САМОПОМОЩЬ: САН-МАТЕУШ

Мы движемся за грузовиком с надписью So Jesus Salva на заднем бампере: «Тебя спасет только Иисус». Проехав через лес, мы оказываемся в Сан-Матеуше. Городской ландшафт здесь весьма разно­образен; ощущение такое, будто он еще только формируется. Мы снижаем скорость до черепашьей: впереди дорогу заняла стая бродячих собак, и две дворняги решили немедленно заняться любовью. Вокруг – несколько «социальных» многоквартирных домов, пара кварталов с индивидуальной жилой заст­ройкой и небольшая фавела прямо у дороги, на берегу ручья. Мы вылезаем из машины и достаем фотоаппараты; в этот момент к нам подбегает человек – он что-то кричит. Выясняется, что он хочет подать официальную жалобу на условия жизни в фавеле. Куда смотрит правительство, негодует мужчина. Мы не успеваем опомниться, как он уже ведет нас по тропинке к своей хижине.

Там он передает нас из рук в руки своей жене – ей, наверное, лет под тридцать: у нее кожа молодой женщины, но лицо старухи, волосы замотаны платком. Она не работает – занимается домом и двумя детьми. Несомненно, эта женщина недоумевает – с какой стати у нее на кухне объявились трое незнакомцев, – но природная застенчивость вынуждает ее с этим смириться. Потом и другие люди будут приглашать нас к себе домой – их открытость контрастирует с замкнутостью многих социальных слоев в Сан-Паулу.

Женщина рассказывает, что землю – точнее, клочок земли под постройку дома – они приобрели у соседа за 2000 реалов (около 1000 долларов). Естест­венно, законной эта покупка считаться не может, поскольку и соседу земля официально не принадлежала. Десять дней назад, продолжает она, прошел сильный ливень, ручей вышел из берегов, и пол в их доме залило грязной водой. Сейчас ничто уже не напоминает об этом бедствии: в доме безукоризненно чисто. Кстати, для столь хлипкой постройки, которая, кажется, может рассыпаться от одного дуновения ветерка, она на удивление неплохо оборудована: здесь есть и холодильник, и телевизор, и дешевенькая пластмассовая стиральная машина, и даже кухонный комбайн, накрытый вышитой салфеткой.

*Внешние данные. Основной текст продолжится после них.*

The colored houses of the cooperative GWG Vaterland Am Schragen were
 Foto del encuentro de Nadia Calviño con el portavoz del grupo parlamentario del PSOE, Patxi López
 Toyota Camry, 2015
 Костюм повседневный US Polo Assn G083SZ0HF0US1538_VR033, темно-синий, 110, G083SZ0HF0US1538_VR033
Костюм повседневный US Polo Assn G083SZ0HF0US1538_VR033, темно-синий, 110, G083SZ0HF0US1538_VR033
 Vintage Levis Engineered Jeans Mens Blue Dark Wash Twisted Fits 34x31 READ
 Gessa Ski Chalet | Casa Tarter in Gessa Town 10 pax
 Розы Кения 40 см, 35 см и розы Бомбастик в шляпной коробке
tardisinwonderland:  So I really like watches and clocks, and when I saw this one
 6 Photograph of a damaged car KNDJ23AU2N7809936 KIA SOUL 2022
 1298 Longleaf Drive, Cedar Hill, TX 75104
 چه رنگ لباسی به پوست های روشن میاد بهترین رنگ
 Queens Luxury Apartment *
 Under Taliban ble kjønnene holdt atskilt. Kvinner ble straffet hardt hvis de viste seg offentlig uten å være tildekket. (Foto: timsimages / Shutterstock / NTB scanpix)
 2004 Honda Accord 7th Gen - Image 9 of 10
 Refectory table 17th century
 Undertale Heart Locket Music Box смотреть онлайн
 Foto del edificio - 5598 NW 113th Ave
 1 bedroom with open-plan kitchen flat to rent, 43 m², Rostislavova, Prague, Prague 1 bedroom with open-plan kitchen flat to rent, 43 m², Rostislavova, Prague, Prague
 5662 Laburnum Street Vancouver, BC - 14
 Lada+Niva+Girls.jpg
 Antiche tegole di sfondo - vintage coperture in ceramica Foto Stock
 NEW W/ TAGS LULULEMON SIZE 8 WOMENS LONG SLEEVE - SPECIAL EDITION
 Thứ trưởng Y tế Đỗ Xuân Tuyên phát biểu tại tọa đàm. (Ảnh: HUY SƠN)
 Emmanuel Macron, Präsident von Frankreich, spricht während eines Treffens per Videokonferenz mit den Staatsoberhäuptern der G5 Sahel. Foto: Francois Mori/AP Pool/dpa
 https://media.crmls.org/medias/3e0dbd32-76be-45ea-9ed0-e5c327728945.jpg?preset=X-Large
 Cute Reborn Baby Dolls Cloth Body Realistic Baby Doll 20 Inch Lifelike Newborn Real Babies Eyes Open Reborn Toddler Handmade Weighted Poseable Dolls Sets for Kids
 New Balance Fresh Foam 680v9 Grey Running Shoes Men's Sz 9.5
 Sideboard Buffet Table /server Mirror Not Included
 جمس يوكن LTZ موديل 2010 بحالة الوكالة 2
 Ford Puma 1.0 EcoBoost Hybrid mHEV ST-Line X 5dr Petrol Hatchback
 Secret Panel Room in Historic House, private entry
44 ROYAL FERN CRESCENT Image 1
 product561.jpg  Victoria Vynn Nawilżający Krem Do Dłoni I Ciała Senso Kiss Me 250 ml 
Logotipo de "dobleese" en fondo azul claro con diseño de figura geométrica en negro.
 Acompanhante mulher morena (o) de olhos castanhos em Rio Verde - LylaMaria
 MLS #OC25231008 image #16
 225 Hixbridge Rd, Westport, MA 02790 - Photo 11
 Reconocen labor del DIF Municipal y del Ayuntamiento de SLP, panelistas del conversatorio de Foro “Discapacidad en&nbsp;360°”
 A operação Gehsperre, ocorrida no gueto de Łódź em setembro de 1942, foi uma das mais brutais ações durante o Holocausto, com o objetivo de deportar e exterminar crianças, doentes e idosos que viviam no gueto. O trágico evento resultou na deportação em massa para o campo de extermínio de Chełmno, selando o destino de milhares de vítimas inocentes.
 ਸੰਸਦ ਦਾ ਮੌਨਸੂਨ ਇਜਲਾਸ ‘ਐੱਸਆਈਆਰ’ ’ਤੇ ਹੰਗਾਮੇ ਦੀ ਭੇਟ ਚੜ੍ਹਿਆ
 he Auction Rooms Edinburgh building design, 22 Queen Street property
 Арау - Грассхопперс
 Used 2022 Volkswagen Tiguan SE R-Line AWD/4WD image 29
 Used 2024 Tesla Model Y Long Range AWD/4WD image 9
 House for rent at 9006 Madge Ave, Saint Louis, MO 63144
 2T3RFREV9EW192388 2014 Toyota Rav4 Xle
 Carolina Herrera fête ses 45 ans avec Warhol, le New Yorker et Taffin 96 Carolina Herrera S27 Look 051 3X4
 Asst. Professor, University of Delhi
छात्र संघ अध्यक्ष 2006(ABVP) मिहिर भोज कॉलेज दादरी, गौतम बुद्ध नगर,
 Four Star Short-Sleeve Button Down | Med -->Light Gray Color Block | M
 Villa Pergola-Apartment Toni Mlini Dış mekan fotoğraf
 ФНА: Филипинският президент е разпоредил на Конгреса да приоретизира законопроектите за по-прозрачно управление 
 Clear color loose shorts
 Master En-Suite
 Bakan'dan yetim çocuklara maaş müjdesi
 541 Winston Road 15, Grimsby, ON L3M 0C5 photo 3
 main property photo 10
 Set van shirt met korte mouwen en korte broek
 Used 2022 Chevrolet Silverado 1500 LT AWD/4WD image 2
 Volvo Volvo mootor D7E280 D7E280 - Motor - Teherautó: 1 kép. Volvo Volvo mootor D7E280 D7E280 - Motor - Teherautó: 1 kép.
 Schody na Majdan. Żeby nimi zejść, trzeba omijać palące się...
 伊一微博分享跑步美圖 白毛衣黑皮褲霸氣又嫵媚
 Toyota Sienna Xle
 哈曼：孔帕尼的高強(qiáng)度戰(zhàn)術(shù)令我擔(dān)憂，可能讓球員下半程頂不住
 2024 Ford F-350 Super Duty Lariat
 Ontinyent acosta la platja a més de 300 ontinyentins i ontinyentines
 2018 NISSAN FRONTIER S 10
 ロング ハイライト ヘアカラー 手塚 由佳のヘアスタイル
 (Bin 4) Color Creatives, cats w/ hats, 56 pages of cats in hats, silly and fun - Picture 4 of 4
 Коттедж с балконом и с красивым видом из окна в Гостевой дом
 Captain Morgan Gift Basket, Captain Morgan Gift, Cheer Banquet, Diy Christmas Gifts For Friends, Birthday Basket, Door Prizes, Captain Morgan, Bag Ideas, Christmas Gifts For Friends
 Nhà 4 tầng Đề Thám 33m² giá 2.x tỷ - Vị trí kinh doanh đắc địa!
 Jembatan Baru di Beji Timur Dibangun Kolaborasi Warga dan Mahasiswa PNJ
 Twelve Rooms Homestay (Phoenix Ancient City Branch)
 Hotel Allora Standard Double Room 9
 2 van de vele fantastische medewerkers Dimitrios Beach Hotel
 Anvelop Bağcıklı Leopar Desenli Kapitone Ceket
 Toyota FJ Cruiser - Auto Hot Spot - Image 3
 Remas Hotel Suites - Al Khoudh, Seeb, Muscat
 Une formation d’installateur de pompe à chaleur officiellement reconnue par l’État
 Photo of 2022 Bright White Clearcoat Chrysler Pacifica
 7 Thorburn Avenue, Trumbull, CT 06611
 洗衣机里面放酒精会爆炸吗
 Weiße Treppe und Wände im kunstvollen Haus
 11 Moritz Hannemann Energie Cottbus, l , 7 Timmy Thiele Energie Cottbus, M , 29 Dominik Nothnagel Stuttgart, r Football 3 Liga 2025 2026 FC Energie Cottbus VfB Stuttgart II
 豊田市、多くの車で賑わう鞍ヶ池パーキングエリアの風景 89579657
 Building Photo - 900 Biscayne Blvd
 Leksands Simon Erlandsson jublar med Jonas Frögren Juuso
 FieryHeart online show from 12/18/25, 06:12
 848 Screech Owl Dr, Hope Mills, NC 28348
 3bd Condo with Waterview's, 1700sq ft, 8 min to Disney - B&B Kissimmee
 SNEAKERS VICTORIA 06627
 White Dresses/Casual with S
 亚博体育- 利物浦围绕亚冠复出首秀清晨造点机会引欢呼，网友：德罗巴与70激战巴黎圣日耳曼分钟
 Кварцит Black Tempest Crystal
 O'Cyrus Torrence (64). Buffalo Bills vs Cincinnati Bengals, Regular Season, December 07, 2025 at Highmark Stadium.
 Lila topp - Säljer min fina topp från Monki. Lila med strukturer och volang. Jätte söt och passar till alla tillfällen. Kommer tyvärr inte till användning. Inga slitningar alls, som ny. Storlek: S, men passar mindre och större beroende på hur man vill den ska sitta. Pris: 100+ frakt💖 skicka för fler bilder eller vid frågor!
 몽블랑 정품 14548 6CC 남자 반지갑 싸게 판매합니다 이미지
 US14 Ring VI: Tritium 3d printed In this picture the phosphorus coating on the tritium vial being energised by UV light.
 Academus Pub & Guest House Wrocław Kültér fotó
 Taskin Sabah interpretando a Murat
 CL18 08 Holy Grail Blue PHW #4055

Здешние дома собраны из картона, листов ламината и ржавого железа. Эта фавела только создается – ее совсем недавно основали новоявленные горожане. Они незаконно заняли землю и сразу «застолбили» ее за собой: дома-времянки простоят четыре-пять лет, и жители, если к тому времени их не заставят покинуть это место, закрепят свои права кирпичом и раствором. Водопровода нет, электричество воруют, подключившись к ближайшей линии электропередачи. Под ногами проложены трубы для отвода нечистот – они текут прямо в ручей. Именно по этой причине фавелы чаще всего располагаются у воды. Здесь трубы порой скрываются в зарослях дикой мяты, что несколько смягчает их «аромат».

Сейчас новые фавелы вроде этой стали довольно редким явлением. В городе столько уже существующих больших фавел, что куда проще присоединиться к одной из этих общин, чем создавать собственное поселение на новой территории. Быстрее всего такие поселения растут во времена строительного бума. Мигрант с северо-востока приезжает в город, получает неквалифицированную работу, затем к нему подселяется приехавший из провинции двоюродный брат, потом он знакомится с девушкой и создает собственную семью. Таков естественный порядок вещей.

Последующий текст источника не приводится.